Exercise instructions.
In the data below, begin at the line with "Фото Raggio Di Sole" and stop after the line with "Вытяжка Franke LUCE 60 WH 305.0738.596"; output those lines exactly and no pictures.

Given records.

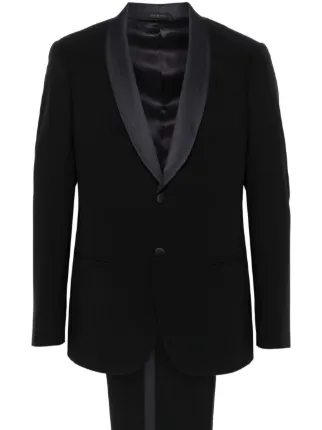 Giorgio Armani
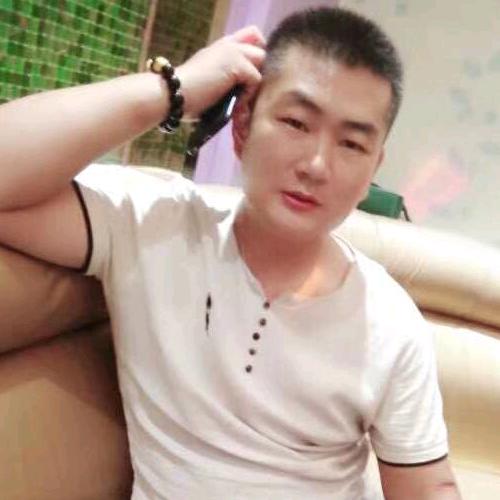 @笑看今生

* * *

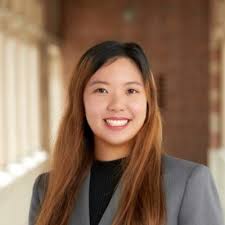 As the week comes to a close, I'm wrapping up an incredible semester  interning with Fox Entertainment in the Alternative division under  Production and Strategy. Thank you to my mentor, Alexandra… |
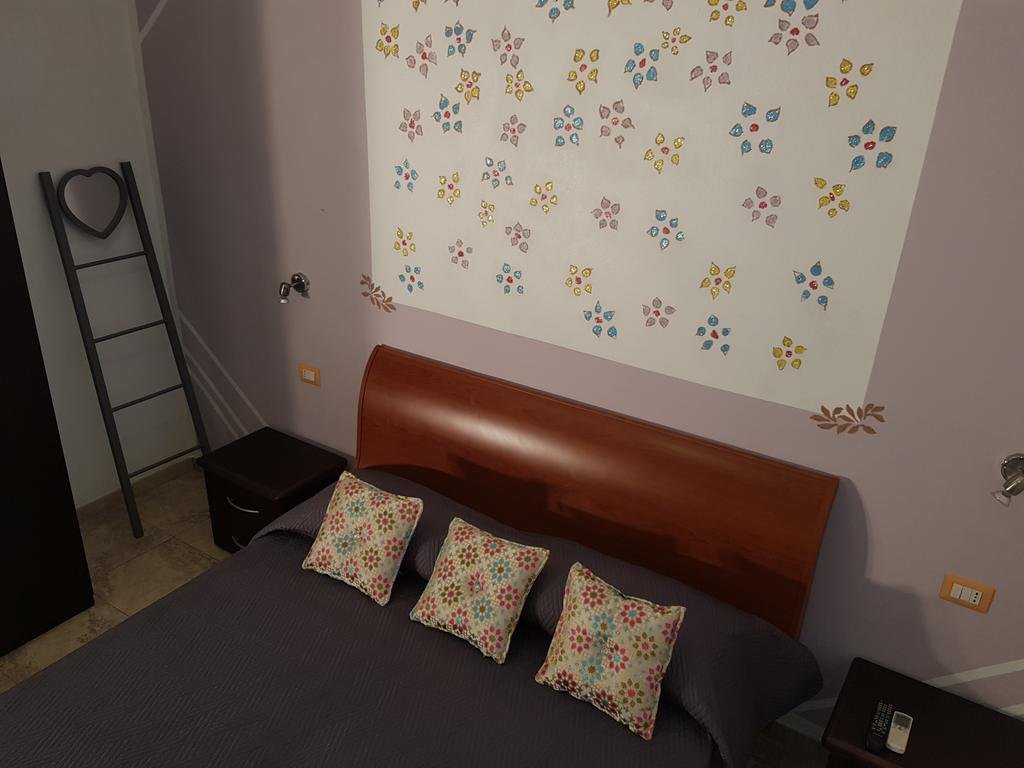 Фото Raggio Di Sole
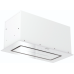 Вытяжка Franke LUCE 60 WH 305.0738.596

Written solution.
 Фото Raggio Di Sole
 Вытяжка Franke LUCE 60 WH 305.0738.596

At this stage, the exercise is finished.